Exercise description: Would you reproduce each line below exactly, leaving every picture out?

Provided material:
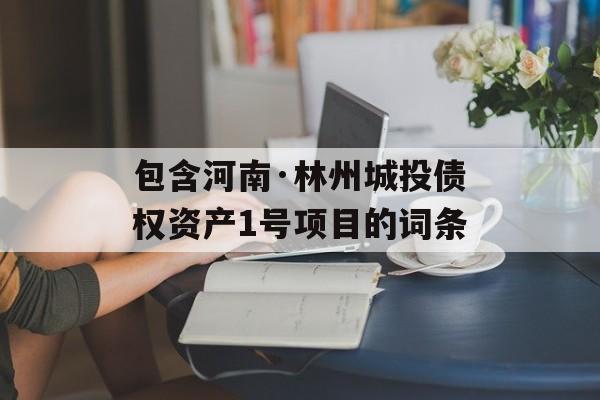 包含河南·林州城投债权资产1号项目的词条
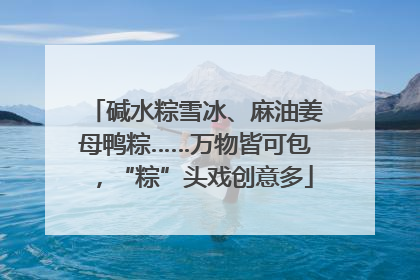 碱水粽雪冰、麻油姜母鸭粽……万物皆可包，“粽”头戏创意多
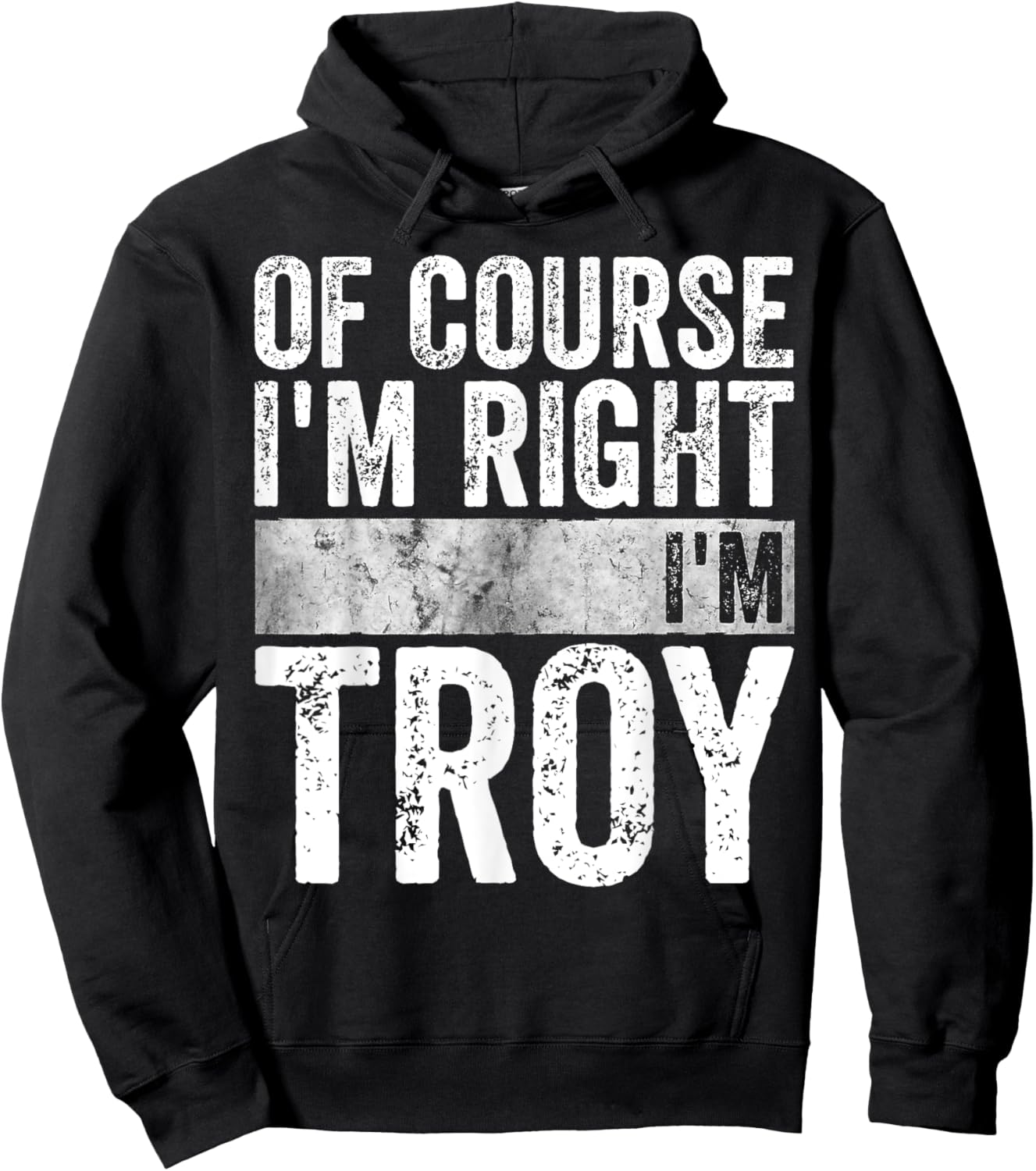 Funny Personalized Name Shirt Of Course I'm Right I'm Troy Hoodie - Hoodie | Black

Expected answer:
 包含河南·林州城投债权资产1号项目的词条
 碱水粽雪冰、麻油姜母鸭粽……万物皆可包，“粽”头戏创意多
 Funny Personalized Name Shirt Of Course I'm Right I'm Troy Hoodie - Hoodie | Black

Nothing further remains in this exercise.